Feifei: Can you talk more about the introduction of the Morningstar ratings and how they might impact fund flows?


Sam: Absolutely. In March 2016, Morningstar published a rating system that ranks US mutual funds on sustainability. Each fund is rated from one globe to five, with five being the highest rating (i.e., lowest rating of ESG risk). Using Sustainalytics scores,1 Morningstar looked at the underlying holdings of funds and devised a simple, easy-to-understand system. The new rating system was a natural shock to the market, because all of the information used in the ratings was publicly known before. Morningstar found that investors paid attention to this rating. High-sustainability funds received large inflows, about 5%, of a fund’s size over the next year. Low-sustainability funds received big outflows, again about 5%, over the next year.


Feifei: We see mutual funds that rate high in sustainability tend to gather more assets. Some people think that these asset flows can influence companies, leading those that lose assets to take a different business approach or to change their economic activities. Do you consider this channel important?


Sam: II think it's a broadly important question and it's one our paper doesn't directly address. It seems to be a question of magnitude. If investors’ actions hinder a firm from raising capital, this of course, might change behavior. In our setting, we're looking at well-diversified mutual funds. My guess is that if a single mutual fund shifts away from low-sustainability companies these low-sustainability companies will find other sources of capital and it won’t influence behavior. This is a hugely important question for the sustainability literature in general. I think it could have an impact, but it's ultimately an empirical question as to whether it does so, and how much money would have to flow away for a lower-sustainability-rated fund to shift the behavior of the underlying companies with low sustainability.
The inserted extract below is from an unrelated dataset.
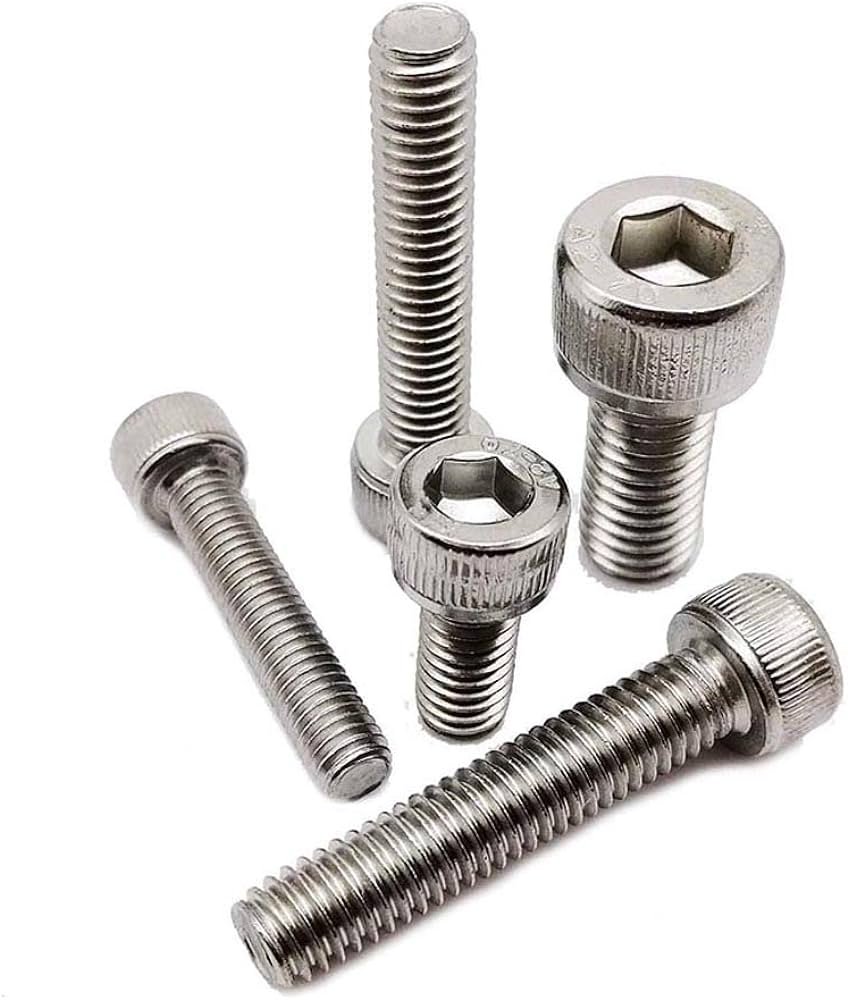 10. Tornillos Allen Cabeza Cilíndrica Inoxidable AISI 316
Feifei: You documented roughly US$36 billion2 in flow difference between high-sustainability funds and low-sustainability funds. It’s statistically significant, but still just a drop in the bucket relative to the entire size of the equity market. Do you have an estimate of how large this flow has to be in order to make a meaningful impact?
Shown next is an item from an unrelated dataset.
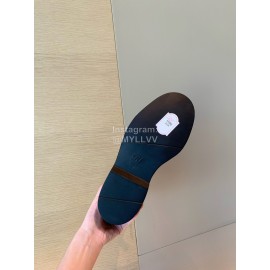 Roger Vivier Fashion Square Button Short Boots For Women Black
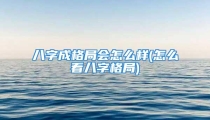 八字成格局会怎么样(怎么看八字格局)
Sam: No. I think there absolutely is some threshold at which it would have an impact, both in terms of what action funds take and in terms of returns moving forward. Maybe the most relevant data point here would be something like index inclusion. In joining the S&P 500, a company typically gets a big bump in return. It seems that many investors do flow in and buy those stocks. I don’t necessarily think we are at that point yet in the ESG funds, but I do think we’re on pace for continued growth in that area, and we’re definitely moving toward a magnitude of flows where it seems plausible. This could change how mutual funds form portfolios, and if valuations are driven up because of it, possibly impact returns moving forward.


Feifei: Another interesting observation from your empirical test is that the one-globe funds, the lower-ranked funds with higher ESG risk, tend to outperform slightly over the high-sustainability funds. Over an 11-month sample period (March 1, 2016–January 30, 2017) perhaps this is not very significant, but what do you think about it? Is it a bad sign for the future of ESG investing? Do you think investors only care about superior returns or are they allocating based on other motives?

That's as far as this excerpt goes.